DATA SEGMENT ::
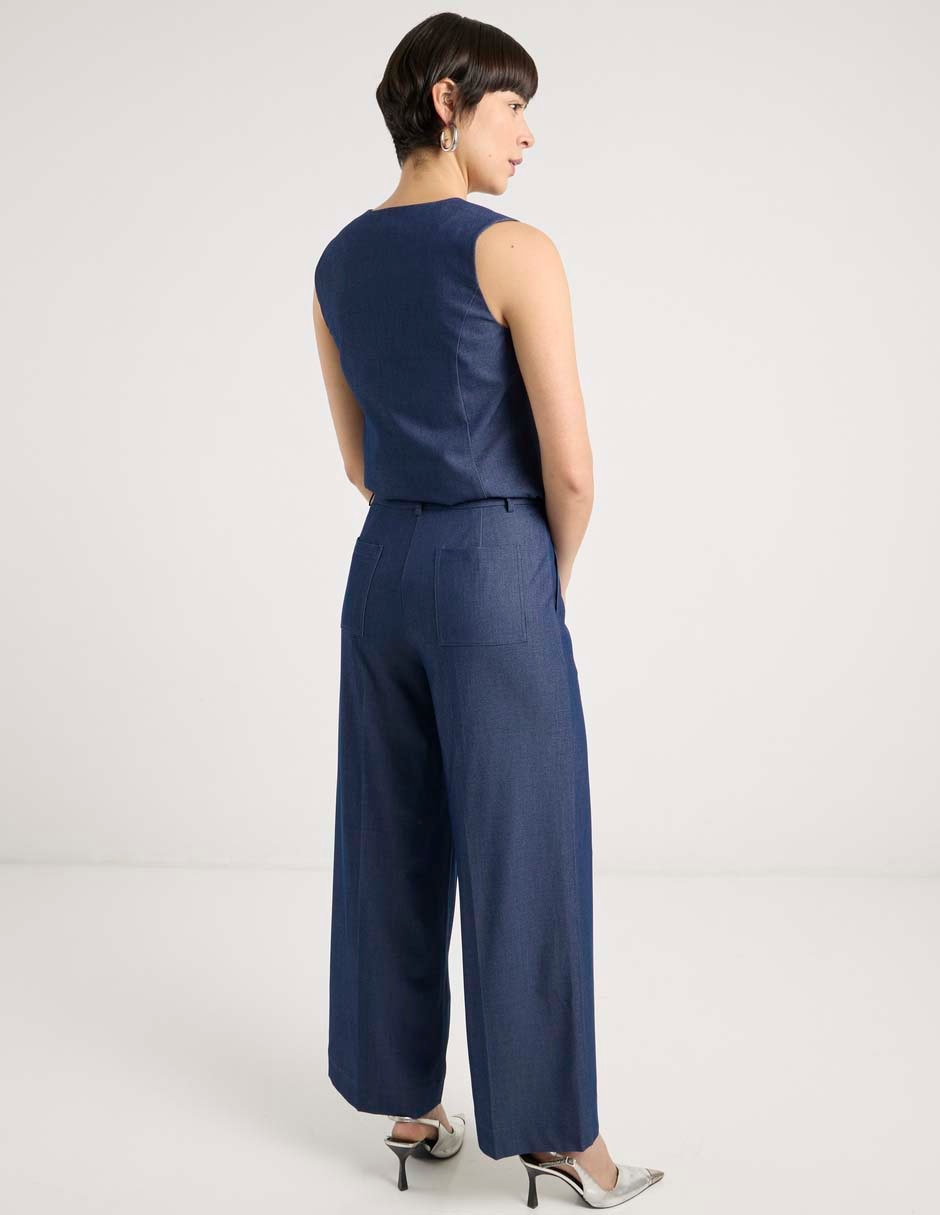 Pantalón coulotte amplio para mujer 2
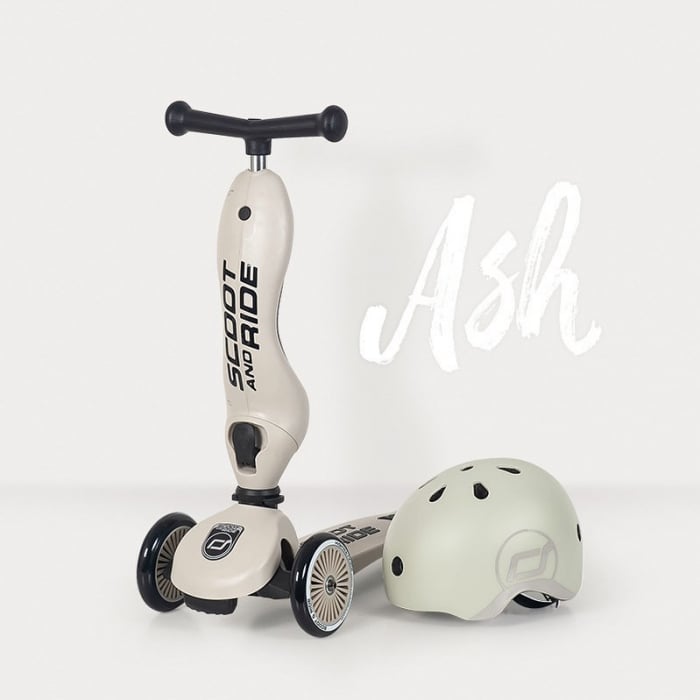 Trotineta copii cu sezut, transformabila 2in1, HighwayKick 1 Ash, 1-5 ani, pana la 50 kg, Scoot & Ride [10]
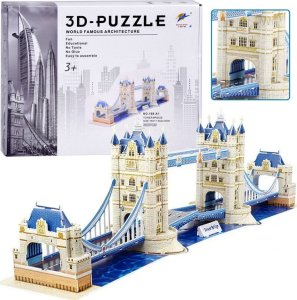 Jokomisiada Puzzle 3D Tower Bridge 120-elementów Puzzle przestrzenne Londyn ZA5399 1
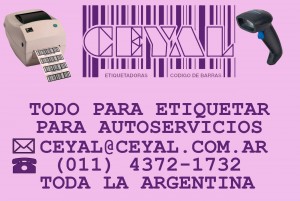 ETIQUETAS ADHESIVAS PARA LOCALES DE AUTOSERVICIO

WHAT TO DO ::
Copy the listing in full and without alteration, omitting every picture.

OUTPUT FOR THIS EXERCISE ::
 Pantalón coulotte amplio para mujer 2
 Trotineta copii cu sezut, transformabila 2in1, HighwayKick 1 Ash, 1-5 ani, pana la 50 kg, Scoot & Ride [10]
 Jokomisiada Puzzle 3D Tower Bridge 120-elementów Puzzle przestrzenne Londyn ZA5399 1
 ETIQUETAS ADHESIVAS PARA LOCALES DE AUTOSERVICIO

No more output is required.